*INPUT*:
═══
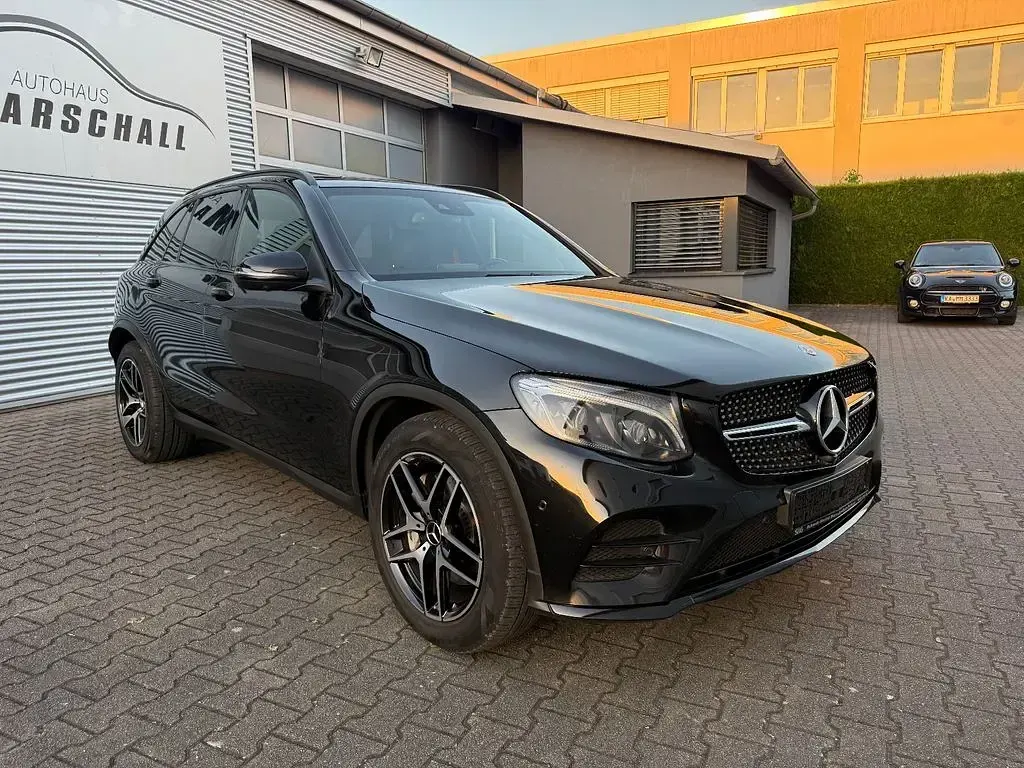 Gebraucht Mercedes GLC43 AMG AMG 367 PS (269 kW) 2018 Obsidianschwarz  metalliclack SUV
═══
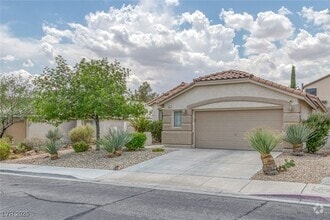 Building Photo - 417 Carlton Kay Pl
═══
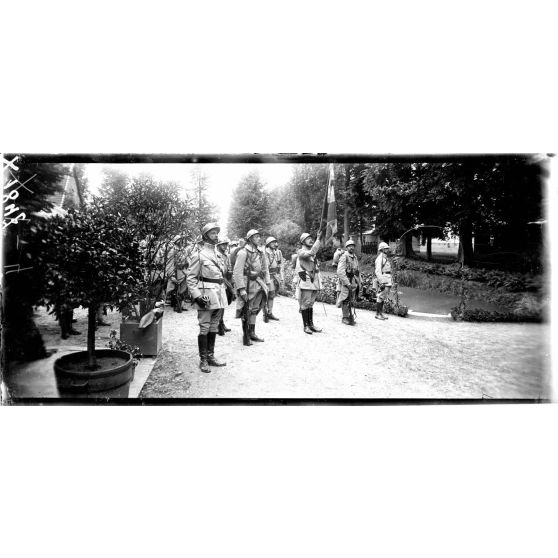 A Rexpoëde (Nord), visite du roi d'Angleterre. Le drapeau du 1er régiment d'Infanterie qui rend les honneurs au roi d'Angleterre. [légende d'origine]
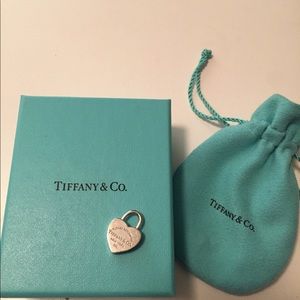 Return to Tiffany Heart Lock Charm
═══
*TASK DIRECTIONS*:
Only the lines between the one with "A Rexpoëde (Nord), visite" and the one with "Return to Tiffany Heart Lock Charm", those two included, get copied from the material above. Keep it exact and free of pictures.

*RESPONSE TO THE TASK*:
 A Rexpoëde (Nord), visite du roi d'Angleterre. Le drapeau du 1er régiment d'Infanterie qui rend les honneurs au roi d'Angleterre. [légende d'origine]
 Return to Tiffany Heart Lock Charm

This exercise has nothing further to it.